The front row fashion fixture was a staunch supporter of emerging talents, and was credited with discovering the likes of Alexander McQueen and Philip Treacy.





How sad :cry: Rest in peace Isabella
 
I cannot believe this. What an absolutely tragic loss for her family and for the world of fashion.
 
Oh my God. I'm literally shocked. I know she had been ill recently, also under mysterious circumstances, but i wish her and her family condolances. What a loss for the fashion world.
 
A mini-biography from vogue.co.uk

A self-confessed eccentric and champion of many of this generation's fashion stars, the career path of Isabella Blow is a true inspiration; from a little girl trying on her mother's hats, she has grown to be one of the industry's most respected stylists.

Born Isabella Delves-Broughton in London in 1958, she lived in Cheshire for the first 21 years of her life, during which fashion played a small part.
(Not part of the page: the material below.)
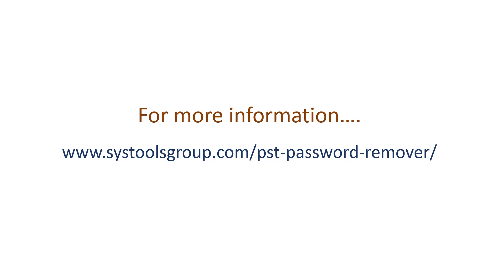For more information, log on to SysTools PST password remover product page.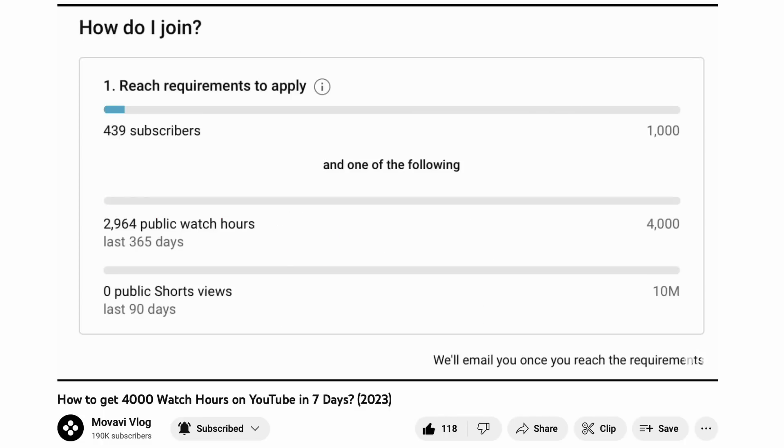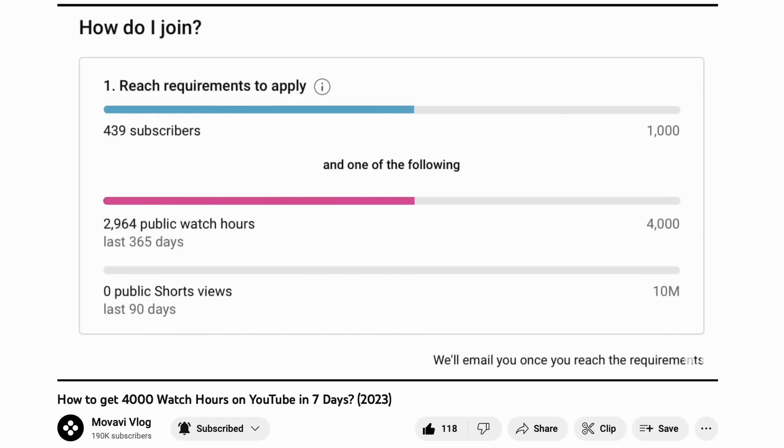Shooting good b-rolls isn't as difficult as you may think. We created a comprehensive video that covers everything you need to know about b-rolls, including how to shoot them and how to make them interesting — so be sure to check it out. In short, the better and more engaging your b-rolls, the higher the retention rate.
Having studied at Heathfield school up to A Level, she enrolled in secretarial college before taking on a variety of odd jobs including cleaning and shop work. Hats, however, featured early. "My first memory of a hat is when I was eight years old and I tried on a giant pink hat of my mother's," she says. "There's a photograph of me and I look as happy as anything to be wearing it."

Blow moved to New York in 1979 to study Ancient Chinese Art at Columbia University, where she shared a room with Catherine Oxenburg, aka Amanda in Dynasty. A year later she abandoned her studies to move to West Texas to experience her first taste of fashion working for Guy Laroche.
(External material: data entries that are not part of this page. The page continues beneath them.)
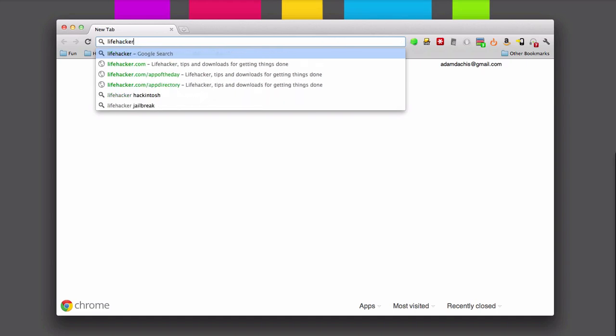I only wanted to type Lifehacker. I didn't want to type Lifehacker.com or the www in front of it or whatever. I don't want to do any of that. I just want to type in Lifehacker and be done with it.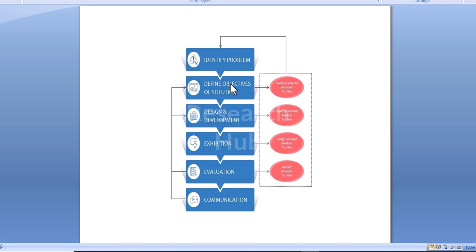A flowchart uses multiple shapes to define the type of step, along with connecting arrows to define flow and sequence.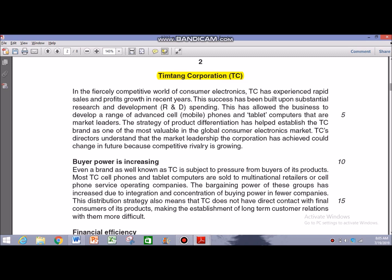Let's come back to the case. We need to extract information that will be decisive to our answer in question number 6. I'm going to start with the case, and I'm going to skip some information — you can give the case a detailed reading at home. In the fiercely competitive world of consumer electronics, TC has experienced rapid sales and profit growth in recent years.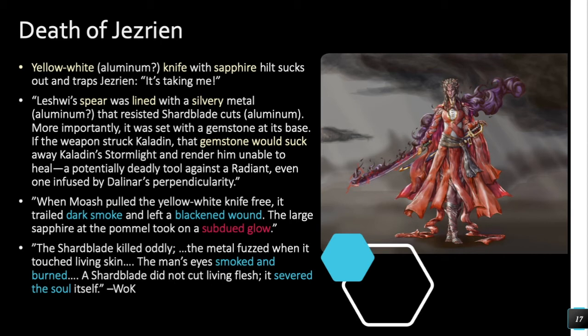The same way Leshwi's spear sucks investiture, this heavily invested soul could have been sucked into the Gemheart, because it was so heavily invested. It could also have been Jezrien's spren — maybe his spren was giving him immortality, and once the spren left, he could no longer live because he was 10,000 to 15,000 years old. I think it was either a spren or a soul — or possibly both — that were sucked into the Gemheart to give the sapphire that subdued glow. That's my Gemheart theory on Jezrien.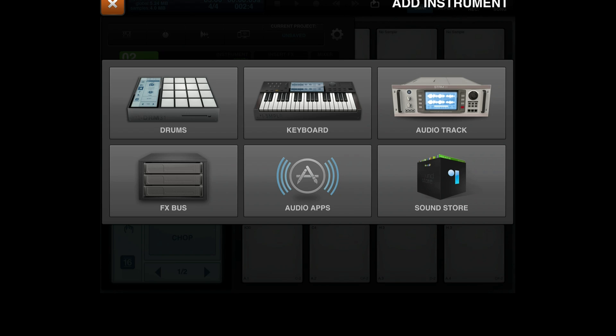Yo what up, it's your boy Mar from Obese for Machinemasters.com and I'm back for another Mobile Tips Tuesday. This week we're talking about the keyboard and audio apps.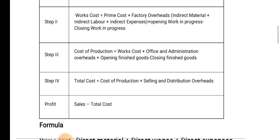Total cost means cost of production plus selling and distribution overhead. Profit is equal to sales minus total cost.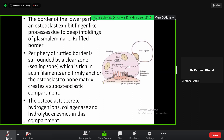The lower surface is where bone resorption occurs. The periphery of the ruffled border is surrounded by a sealing zone, which is rich in actin filaments and is firmly anchored.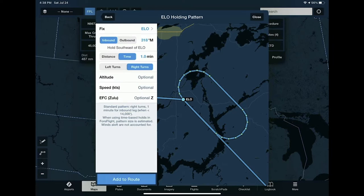Another new feature, based on a customer request, is the ability to visualize and add holds to your IFR flight plan. This is called Hold Advisor, accessible via the Procedure Advisor button in the top right corner of the flight plan drawer. When you open it, you can select any fix to hold at — ForeFlight pre-fills the fix based on your planned route. You can customize the hold size in distance or time, define left or right turns, inbound and outbound course, and optionally specify hold altitude, speed, and EFC.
In 1981, her big break came when she was introduced to the then fashion director of US Vogue, Anna Wintour, by Bryan and Lucy Ferry and the two bonded over Vita Sackville West.

She was hired first as Wintour's assistant and then to organise fashion shoots under the discerning eye of André Leon Talley, now US Vogue's Editor At Large, and was soon befriending the likes of Warhol and Basquiat, "who we were both in love with". In 1986, Blow returned to London to become assistant to Michael Roberts, then fashion director both of Tatler and The Sunday Times and, thanks to him, worked her way up to the position of Style Editor at Tatler.
In 1988 she met Detmar Blow at a wedding in Salisbury Cathedral. They became engaged just 16 days later and married in Gloucester Cathedral the following year.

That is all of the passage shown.